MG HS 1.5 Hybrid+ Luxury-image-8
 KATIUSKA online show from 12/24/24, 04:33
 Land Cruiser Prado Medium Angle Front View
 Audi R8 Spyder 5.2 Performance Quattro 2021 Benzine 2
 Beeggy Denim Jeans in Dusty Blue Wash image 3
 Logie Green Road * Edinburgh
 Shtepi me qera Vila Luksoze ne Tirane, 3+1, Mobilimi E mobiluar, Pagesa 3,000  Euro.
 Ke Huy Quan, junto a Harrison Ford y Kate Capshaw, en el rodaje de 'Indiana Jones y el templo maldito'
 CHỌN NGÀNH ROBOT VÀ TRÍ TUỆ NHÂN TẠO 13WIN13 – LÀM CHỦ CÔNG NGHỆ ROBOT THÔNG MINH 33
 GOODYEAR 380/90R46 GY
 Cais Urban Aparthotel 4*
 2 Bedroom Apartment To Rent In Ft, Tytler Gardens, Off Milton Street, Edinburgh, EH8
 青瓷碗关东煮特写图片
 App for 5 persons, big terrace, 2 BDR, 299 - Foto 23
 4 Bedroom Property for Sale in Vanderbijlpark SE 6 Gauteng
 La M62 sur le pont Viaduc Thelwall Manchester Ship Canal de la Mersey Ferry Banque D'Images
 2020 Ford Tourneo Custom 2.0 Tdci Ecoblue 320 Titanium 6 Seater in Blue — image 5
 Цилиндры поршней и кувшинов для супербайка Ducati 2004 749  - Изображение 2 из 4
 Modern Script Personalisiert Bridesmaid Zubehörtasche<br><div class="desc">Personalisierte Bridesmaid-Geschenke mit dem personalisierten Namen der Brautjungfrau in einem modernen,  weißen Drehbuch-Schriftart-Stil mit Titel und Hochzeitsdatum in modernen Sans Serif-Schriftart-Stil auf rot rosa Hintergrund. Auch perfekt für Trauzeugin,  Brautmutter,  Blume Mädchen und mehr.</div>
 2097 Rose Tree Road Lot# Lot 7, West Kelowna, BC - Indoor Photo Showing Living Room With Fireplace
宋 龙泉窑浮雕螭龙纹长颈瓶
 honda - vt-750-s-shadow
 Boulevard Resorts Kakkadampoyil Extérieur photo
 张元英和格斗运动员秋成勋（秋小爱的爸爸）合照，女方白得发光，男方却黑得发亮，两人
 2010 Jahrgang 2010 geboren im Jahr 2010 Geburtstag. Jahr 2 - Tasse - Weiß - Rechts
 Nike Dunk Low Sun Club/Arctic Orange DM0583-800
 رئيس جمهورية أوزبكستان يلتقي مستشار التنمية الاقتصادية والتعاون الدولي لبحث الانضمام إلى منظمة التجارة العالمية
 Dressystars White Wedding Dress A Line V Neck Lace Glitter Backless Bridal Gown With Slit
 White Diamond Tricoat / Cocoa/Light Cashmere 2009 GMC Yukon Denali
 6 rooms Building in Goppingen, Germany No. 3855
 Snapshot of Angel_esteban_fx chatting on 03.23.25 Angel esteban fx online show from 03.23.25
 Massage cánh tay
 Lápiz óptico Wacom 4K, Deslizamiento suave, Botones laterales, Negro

◇ ◇ ◇

» **What to produce**
Reproduce, word for word, every line starting at the line that contains "White Diamond Tricoat" and ending with the final line of the entries.

» **Your response**
 White Diamond Tricoat / Cocoa/Light Cashmere 2009 GMC Yukon Denali
 6 rooms Building in Goppingen, Germany No. 3855
 Snapshot of Angel_esteban_fx chatting on 03.23.25 Angel esteban fx online show from 03.23.25
 Massage cánh tay
 Lápiz óptico Wacom 4K, Deslizamiento suave, Botones laterales, Negro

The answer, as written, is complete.